I was spending my second summer in Mississippi with the Student Non-Violent Coordinating Committee (SNCC), teaching in a Freedom School in Jackson. That was the summer of 1964. Being so close to where a lot of blues had been made my friend Art and I decided to hang around the area after our stint with SNCC ended and do a little scrounging around for old records and maybe find one of those old-time bluesmen that were in those years being rediscovered. What better place than Jackson itself. The area where Joe and Charlie McCoy, Tommy Johnson, Ishman Bracy, and Bo Carter and the Mississippi Sheiks all had lived and worked and made those old records. There had to be somebody we could rediscover. Most of the folks we knew around Jackson and down in McComb where I had spent the summer of 1963 were church people and just didn’t have much to do with the blues.

Finally we ran into a man named Eugene Powell in a grocery store in downtown Jackson. He told us we ought to go down to Hollendale on the road to Vicksburg and talk to Sam Chatmon. He said Sam kept in touch with everyone and, besides, he was Bo Carter’s brother and played a lot with Charlie McCoy and was one of the Mississippi Sheiks. It sounded like a good lead and we were on our way that afternoon.

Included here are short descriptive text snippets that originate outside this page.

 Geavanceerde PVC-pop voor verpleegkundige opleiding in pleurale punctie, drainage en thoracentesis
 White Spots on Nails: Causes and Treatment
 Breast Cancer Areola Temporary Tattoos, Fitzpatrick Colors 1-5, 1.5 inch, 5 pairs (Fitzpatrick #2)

Hollendale wasn’t much more than a few houses, a store, and gas station so it wasn’t hard to find Sam’s place. Finding Sam was a bit harder. It turned out that Bo, Sam’s brother, had recently died up in Memphis and Sam was up there making arrangements to bring his body back to Mississippi. Art and I sort of gave up our searching about a few days later and started making preparations to head home. Art to Chicago and I to San Diego.

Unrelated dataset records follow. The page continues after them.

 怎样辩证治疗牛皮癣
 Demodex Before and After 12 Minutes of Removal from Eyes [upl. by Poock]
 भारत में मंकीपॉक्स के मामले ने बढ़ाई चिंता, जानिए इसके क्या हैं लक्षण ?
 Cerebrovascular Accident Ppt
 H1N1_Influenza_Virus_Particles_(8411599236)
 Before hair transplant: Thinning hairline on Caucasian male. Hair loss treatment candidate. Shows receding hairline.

I thought then that Sam Chatmon would be nothing but a brief memory, sort of a tag end of a very eventful, at times scary, time in the South. It was about eight months later that I got a phone call from Ken Swerilas, local San Diego record collector and music and things-related historian. He had recently been in Hollendale and talked to Sam Chatmon and arranged to bring him out to San Diego, and could I get him some gigs?

Thus began the long acquaintance and friendship with Sam that would last over the next 20 years or so and give San Diego its very own Mississippi bluesman. And by the way Sam told me that that guy Eugene Powell that Art and I had talked to was himself a bluesman who made records under the name Sonny Boy Nelson in the mid 1930s. So we had rediscovered an old bluesman. We just didn’t know it.

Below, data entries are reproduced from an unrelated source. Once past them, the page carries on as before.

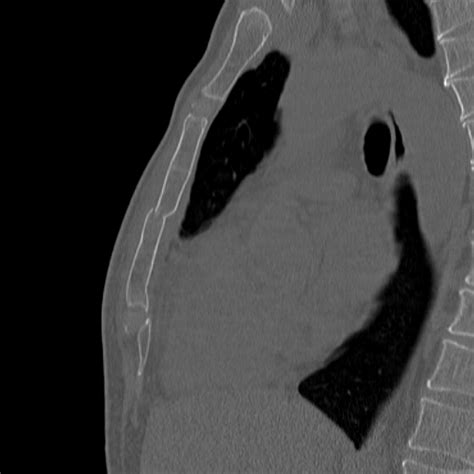 Radiopaedia case Sternum fracture id: 15242 study: 15084 - NC Commons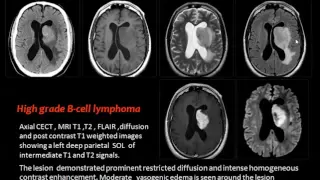 Imaging of Lymphoma I   DRE 3   Dr  Mamdouh Mahfouz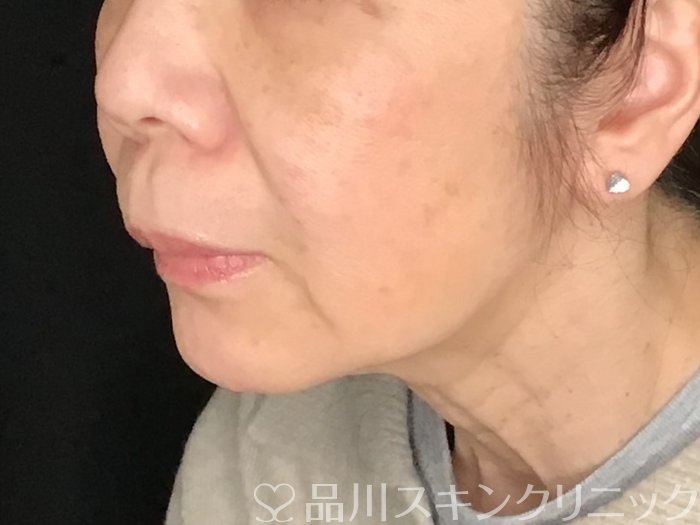 症例NO.64991のBEFORE写真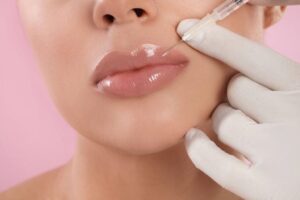Γιατί οι ειδικοί συνιστούν αποχή από τα fillers χειλιών στην εγκυμοσύνη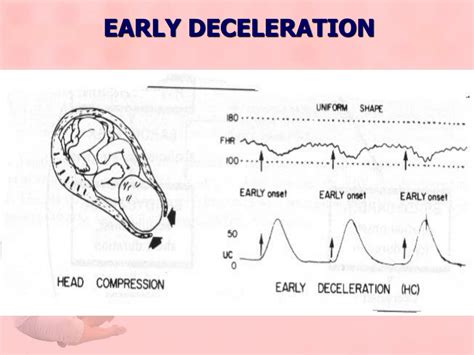 Ppt Lecture 10 Fetal Distress Powerpoint Presentation Free Download Id 9363834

MANCE LIPSCOMB AND FOLK ARTS: FISH AND BREAD AND
BRENDAN BOYLE
It was just a short while after Folk Arts Rare Records had opened in July 1967 that we decided to do some concerts. The second one we did was Texas sharecropper and songster Mance Lipscomb from Navasota, Texas. We met Mance at the San Diego Airport and took him out to Carol McComb and Gerrie Blake’s place behind the Blue Guitar on Midway Drive. Someone had left us some fresh bread and fresh-caught fish on the porch at the shop and that impressed Mance, who said it was a sign from the Bible that the shop would have a long life and prosper. Well I don’t know about the prosper part but we’ve sure been around for awhile. In fact, BRENDAN BOYLE will open the new FOLK ARTS RARE RECORDS at it’s new location at 3072 EL CAJON BLVD on September first. Be sure to check it out and I hope he does as well as I have done. He’s going to have a lot of new old-time stuff and keep up the selection as well or maybe better than I have done. And, oh yes, that Mance Lipscomb concert was wonderful. We held it in the Puppet Theater in Balboa Park (a great place to do concerts, great set up, lots of parking; I don’t know why more acoustic music type concerts don’t take place there). We did several concerts there over a year or two-year period ending about 1970. I haven’t heard of anything going on there for several years. Someone should check it out, and while you are at it check out the new FOLK ARTS RARE RECORDS, too.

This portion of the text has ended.